Police in New York seized enough fentanyl to kill 32 million people after following two dealers home from a meet up at a New Jersey Walmart. Officers tailed the pair back to a property in New York and found 64kg of pure fentanyl inside – a record seizure for the city.
Fentanyl is a synthetic opioid 50 times stronger than heroin, largely responsible for record numbers of drug deaths across America.
"The sheer volume of fentanyl pouring into the city is shocking," said Special Narcotics Prosecutor Bridget Brennan. "It's not only killing a record number of people in New York City but the city is used as a hub of regional distribution for a lethal substance that is taking thousands of lives throughout the Northeast."
Officers watched Alvarado Robles and Flores Solis meet an unidentified male in a New Jersey Walmart on 1 August.
They then followed the pair's silver Mercedes back to an address in Queens and searched the car, finding 1kg of cocaine. At 9pm that evening detectives obtained a search warrant and went into the house where the car was parked.
Inside they found four suitcases packed with 97 individually wrapped bags of drugs. In addition to the pure fentanyl, they found 22kg of fentanyl mixed with other drugs, 5kg of heroin and 6kg of cocaine.
"The seizure of this amount of narcotics, especially the fentanyl, undoubtedly saved countless lives.
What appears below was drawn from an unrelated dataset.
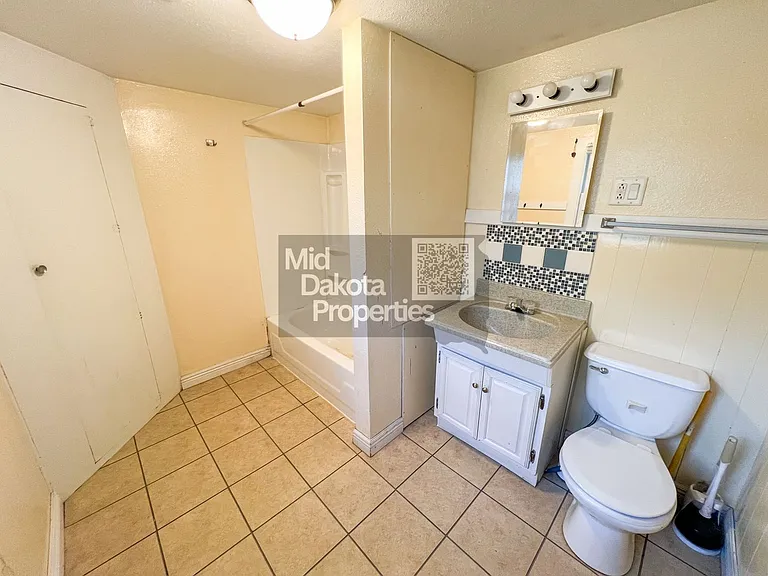 605 W 10th Ave — Photo 6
The combination of fentanyl with the other drugs is a deadly combination," said Carl Kotowski of the U.S. Drug Enforcement Administration. "We will continue to work with our law enforcement counterparts to keep our communities safe."
$30m drugs haul in New York
Prosecutor Brennan was able to boast of seizing $30m (£22m) in six weeks when New York Police had another big success on 5 September.
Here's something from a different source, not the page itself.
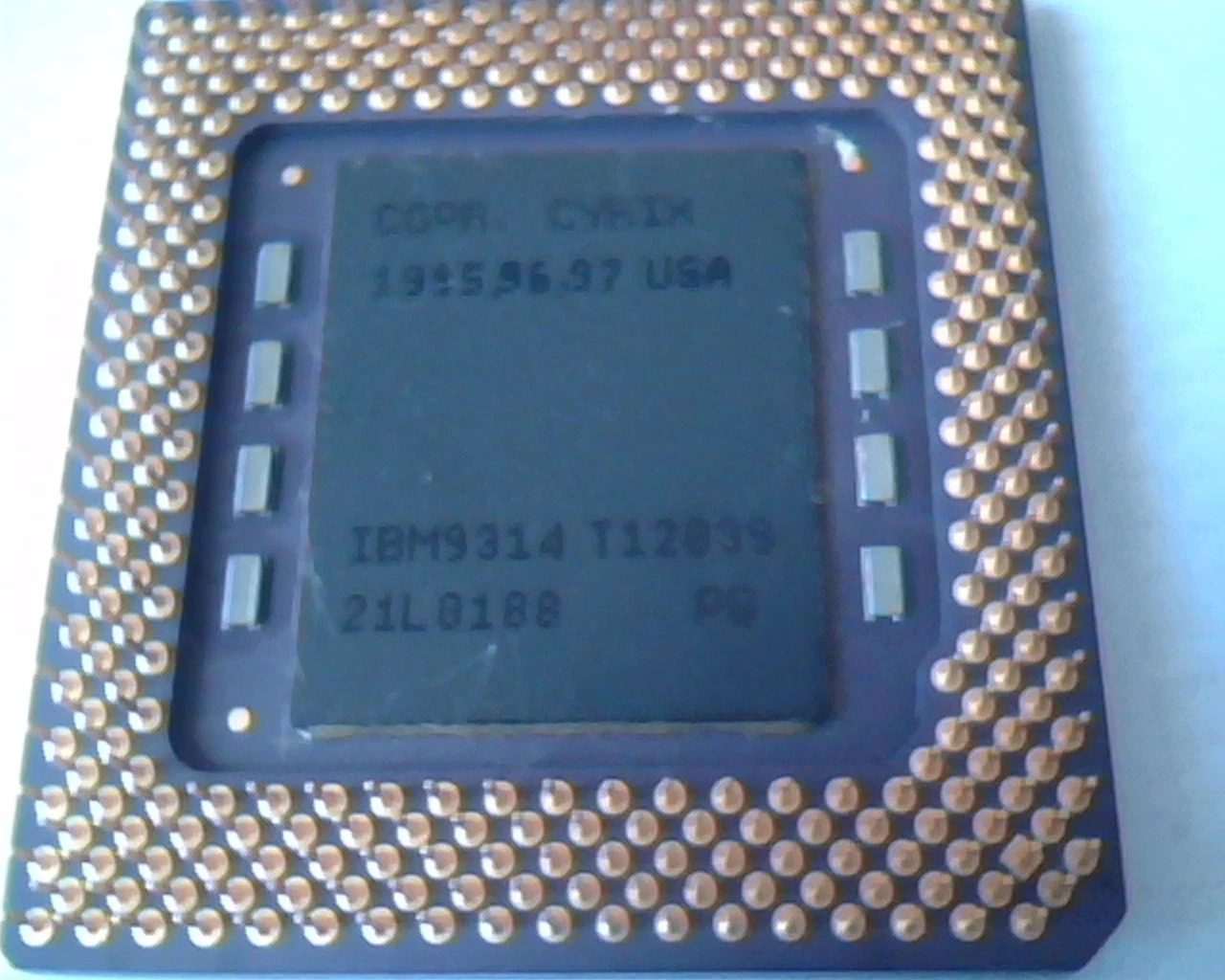 Rare CPU computer chip - IBM 6x86MX PR233 26x86Mx IBM9314 T12039 Cyrix 21L8188 - image 3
On this occasion, they followed a dealer back from a meeting at a hardware store in New Jersey to an address in the Bronx.
After obtaining a warrant they found 34kg of heroin laced with fentanyl and 1kg of pure fentanyl at the property.
US Opioid epidemic
US drug deaths have rocketed from under 30,000 in 2005 to 65,000 in 2016. This is largely thanks to the proliferation of fentanyl.
Dealers import the synthetic opioid from China and cut it with heroin to maximise their profits. But this method is highly flawed: if the more potent drug is not spread evenly, users may ingest "hotspots" of highly concentrated fentanyl, which can kill even the most tolerant of heroin users.
"The NYPD has been successful in drug interdiction to date, but this seizure goes down in history as a milestone in the ongoing fight against fentanyl," said Police Commissioner James P. O'Neill. "This case demonstrates our Department's deep commitment to protecting the public from drug cartels that seek to profit at the expense of our citizens."